* Problem description: In the records below, find the line holding "Thanks for supporting" and the line holding "Lastly, we only". Set down both, with every line between them, exactly.

[Extracted records]
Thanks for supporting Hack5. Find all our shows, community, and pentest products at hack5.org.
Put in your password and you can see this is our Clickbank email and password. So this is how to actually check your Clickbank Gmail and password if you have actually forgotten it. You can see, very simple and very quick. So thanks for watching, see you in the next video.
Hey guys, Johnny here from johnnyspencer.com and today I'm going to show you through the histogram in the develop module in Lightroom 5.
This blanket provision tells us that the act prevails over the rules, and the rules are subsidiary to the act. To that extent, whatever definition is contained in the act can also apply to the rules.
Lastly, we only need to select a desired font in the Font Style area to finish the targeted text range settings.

* * *

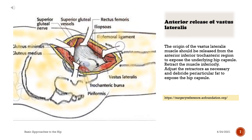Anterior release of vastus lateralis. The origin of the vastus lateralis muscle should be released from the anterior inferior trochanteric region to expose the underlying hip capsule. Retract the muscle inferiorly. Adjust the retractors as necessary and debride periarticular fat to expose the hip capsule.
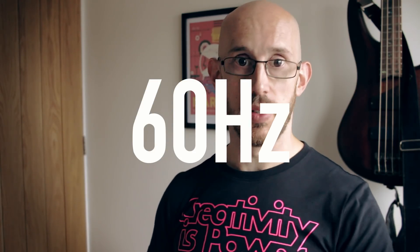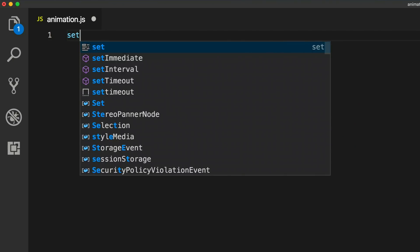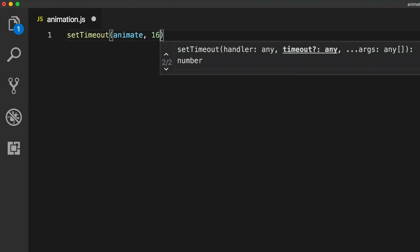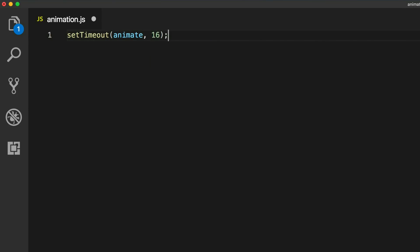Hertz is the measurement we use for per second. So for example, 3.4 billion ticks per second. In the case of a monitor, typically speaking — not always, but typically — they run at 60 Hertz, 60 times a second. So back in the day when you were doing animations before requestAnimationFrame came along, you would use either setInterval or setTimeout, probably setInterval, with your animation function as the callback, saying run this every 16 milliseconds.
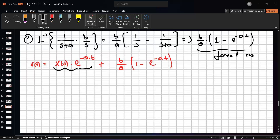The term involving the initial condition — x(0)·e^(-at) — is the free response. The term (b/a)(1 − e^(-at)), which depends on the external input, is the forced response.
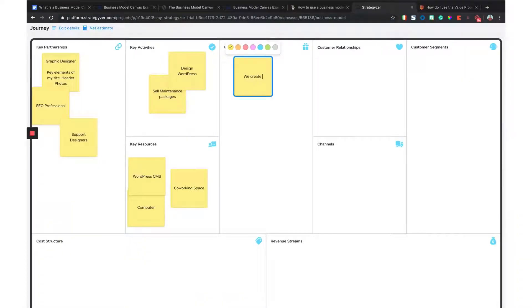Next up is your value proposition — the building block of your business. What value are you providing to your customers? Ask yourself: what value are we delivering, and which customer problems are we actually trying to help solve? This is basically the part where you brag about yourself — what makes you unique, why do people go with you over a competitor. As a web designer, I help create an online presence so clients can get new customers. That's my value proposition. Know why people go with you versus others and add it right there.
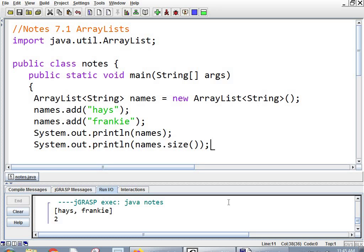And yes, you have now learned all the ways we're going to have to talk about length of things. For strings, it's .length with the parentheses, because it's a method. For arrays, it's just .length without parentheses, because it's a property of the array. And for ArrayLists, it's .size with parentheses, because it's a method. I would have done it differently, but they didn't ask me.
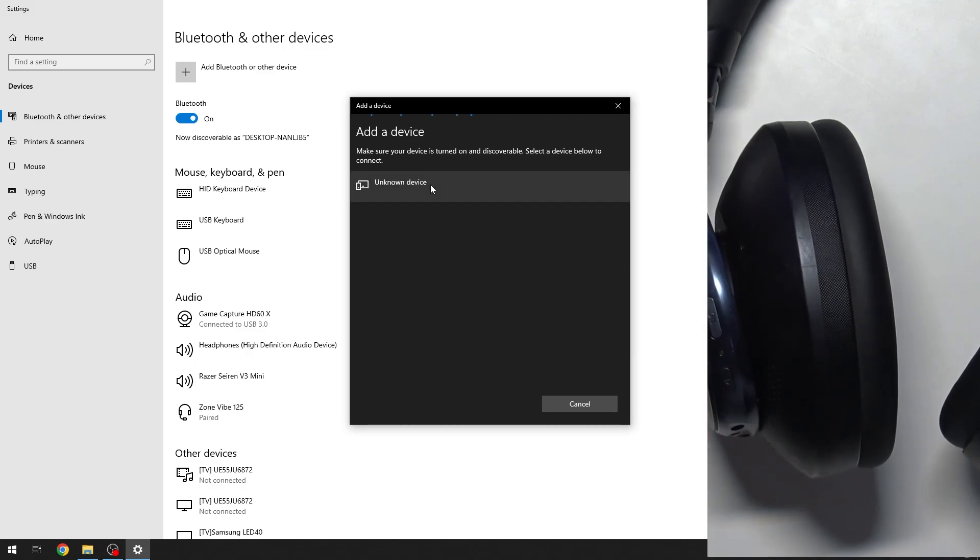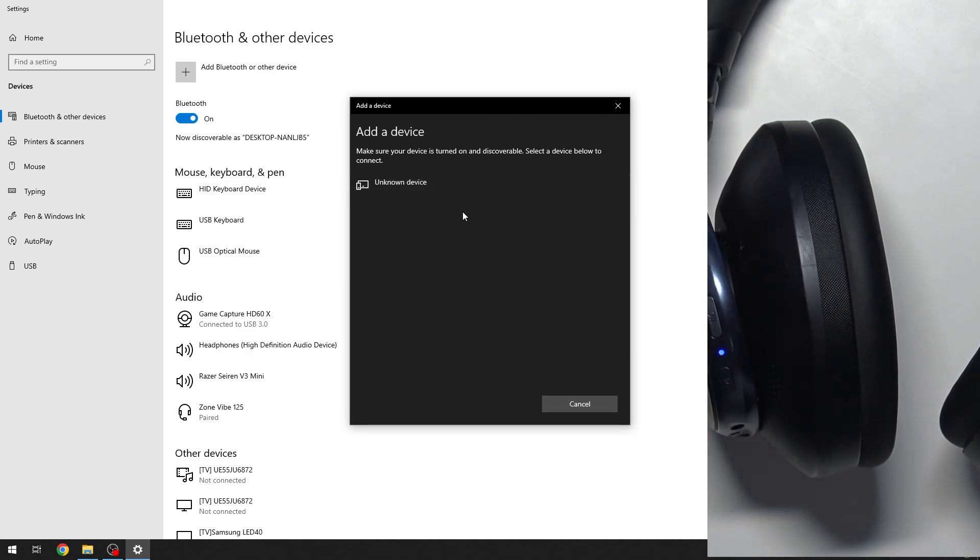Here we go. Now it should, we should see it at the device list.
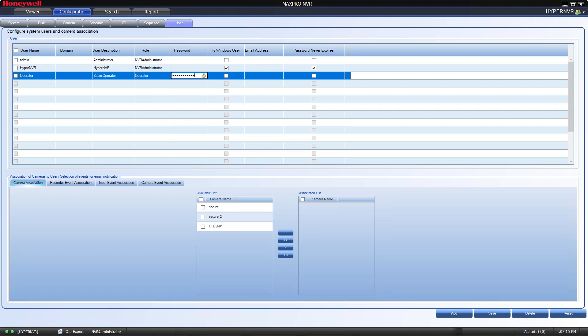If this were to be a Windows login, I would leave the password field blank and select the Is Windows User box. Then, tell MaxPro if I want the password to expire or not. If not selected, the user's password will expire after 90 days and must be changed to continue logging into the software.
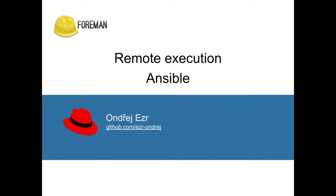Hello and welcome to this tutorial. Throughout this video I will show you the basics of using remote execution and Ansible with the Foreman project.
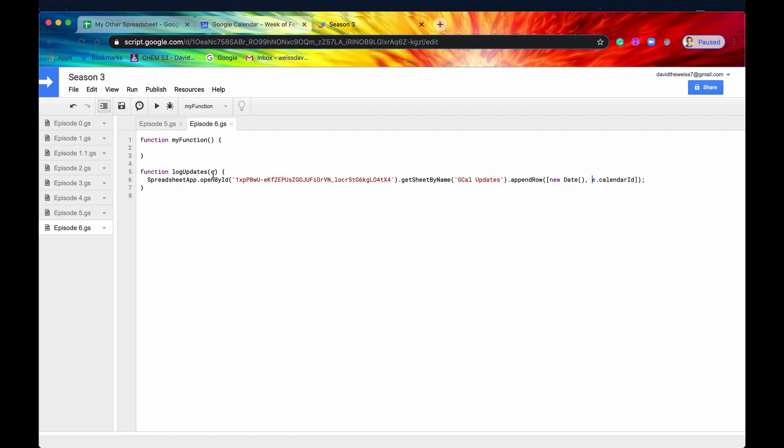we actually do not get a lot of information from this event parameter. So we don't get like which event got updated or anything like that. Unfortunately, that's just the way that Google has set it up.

...

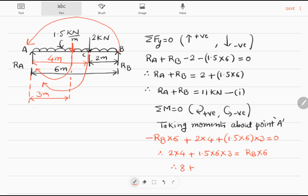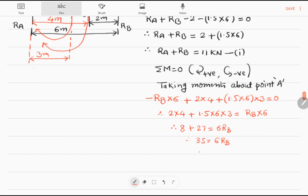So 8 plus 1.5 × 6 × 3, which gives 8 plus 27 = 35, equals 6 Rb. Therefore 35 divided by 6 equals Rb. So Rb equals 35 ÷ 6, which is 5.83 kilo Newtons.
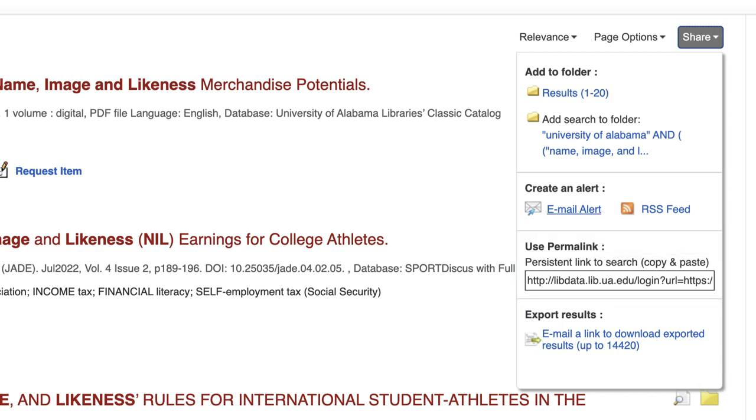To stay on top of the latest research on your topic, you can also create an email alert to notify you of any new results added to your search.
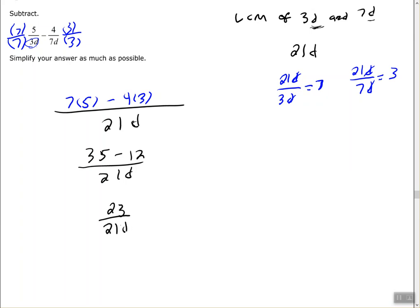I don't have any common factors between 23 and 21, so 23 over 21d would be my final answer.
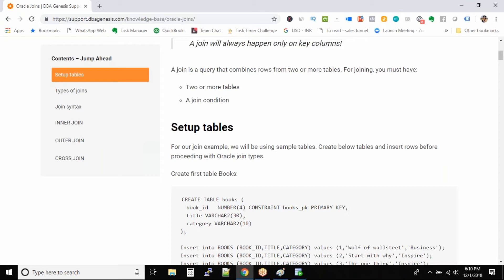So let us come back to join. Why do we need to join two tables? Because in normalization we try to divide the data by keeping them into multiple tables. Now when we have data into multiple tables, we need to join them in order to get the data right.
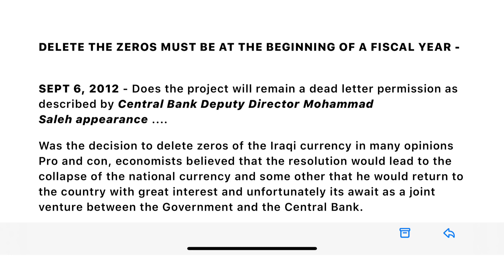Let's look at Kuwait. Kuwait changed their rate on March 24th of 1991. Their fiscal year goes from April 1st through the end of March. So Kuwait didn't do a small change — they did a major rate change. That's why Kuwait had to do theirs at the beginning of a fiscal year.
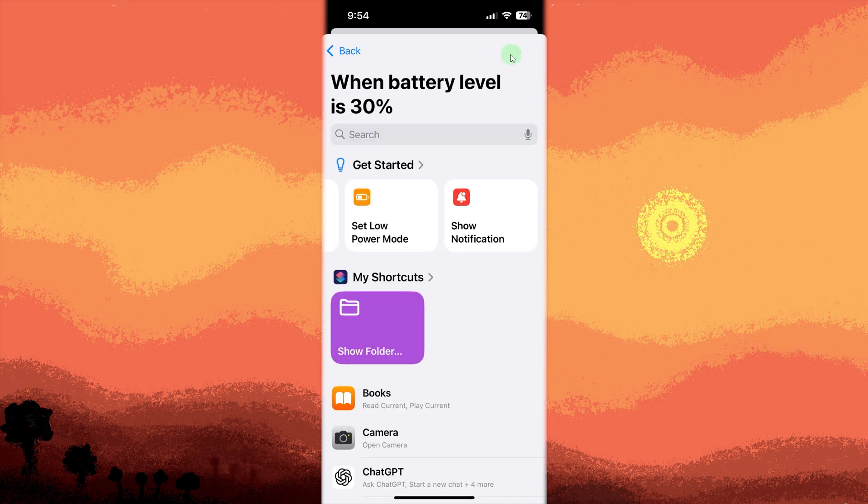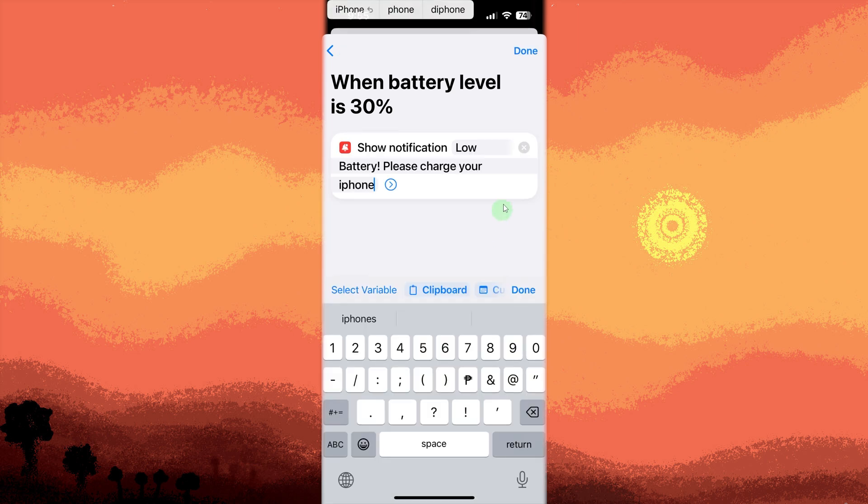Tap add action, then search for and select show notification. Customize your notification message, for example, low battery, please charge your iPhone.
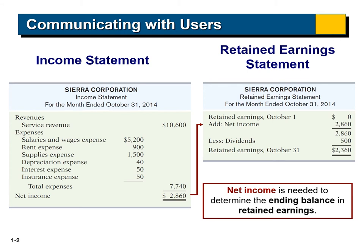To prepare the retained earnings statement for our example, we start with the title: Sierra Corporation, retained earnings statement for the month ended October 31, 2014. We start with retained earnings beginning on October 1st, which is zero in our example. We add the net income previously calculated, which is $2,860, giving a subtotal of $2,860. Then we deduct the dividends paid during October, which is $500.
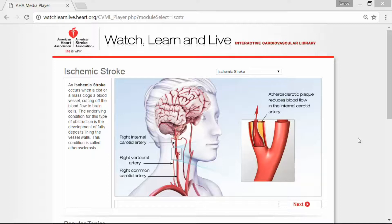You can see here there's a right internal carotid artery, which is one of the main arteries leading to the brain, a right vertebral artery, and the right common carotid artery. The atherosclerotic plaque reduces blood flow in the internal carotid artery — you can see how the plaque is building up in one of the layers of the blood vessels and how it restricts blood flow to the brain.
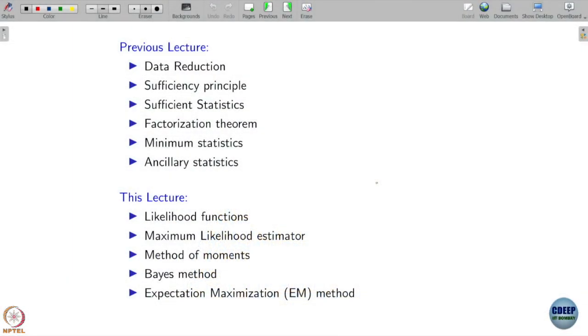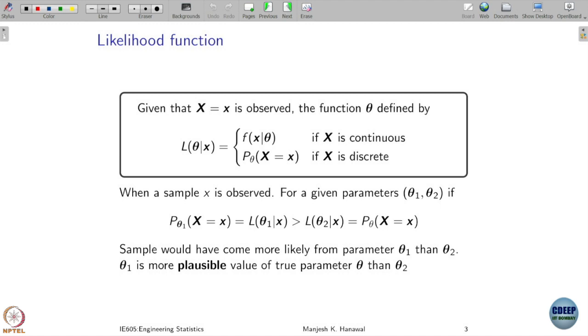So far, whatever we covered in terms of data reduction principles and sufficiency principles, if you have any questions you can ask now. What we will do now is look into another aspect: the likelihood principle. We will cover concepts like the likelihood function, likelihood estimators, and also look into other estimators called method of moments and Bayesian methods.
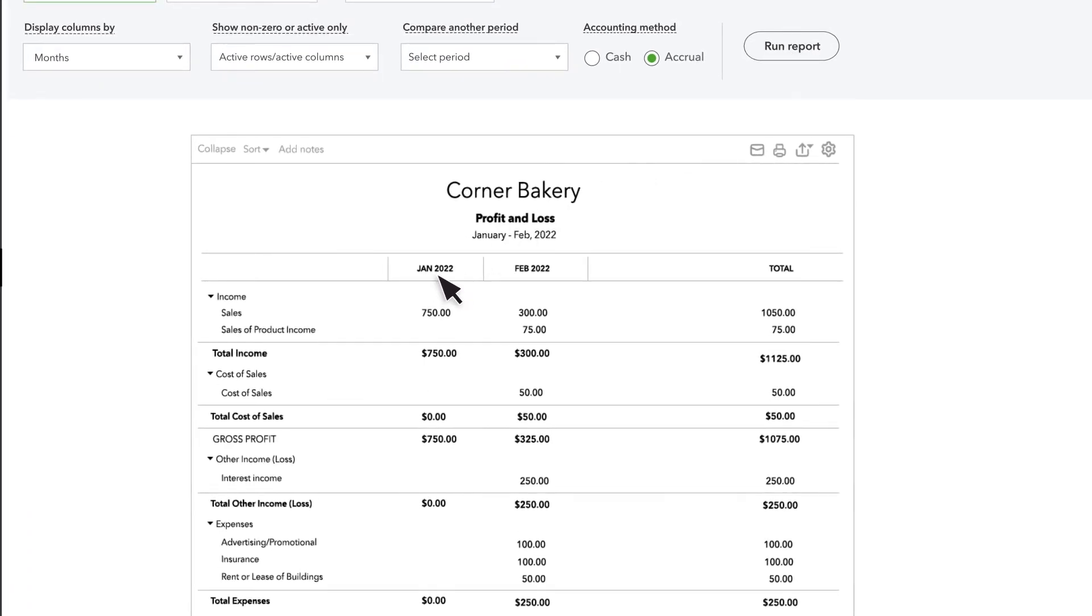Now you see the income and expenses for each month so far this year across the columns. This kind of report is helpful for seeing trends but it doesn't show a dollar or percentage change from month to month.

* Result for this exercise:
Thanks for supporting Hack5. Find all our shows, community, and pentest products at hack5.org.
Put in your password and you can see this is our Clickbank email and password. So this is how to actually check your Clickbank Gmail and password if you have actually forgotten it. You can see, very simple and very quick. So thanks for watching, see you in the next video.
Hey guys, Johnny here from johnnyspencer.com and today I'm going to show you through the histogram in the develop module in Lightroom 5.
This blanket provision tells us that the act prevails over the rules, and the rules are subsidiary to the act. To that extent, whatever definition is contained in the act can also apply to the rules.
Lastly, we only need to select a desired font in the Font Style area to finish the targeted text range settings.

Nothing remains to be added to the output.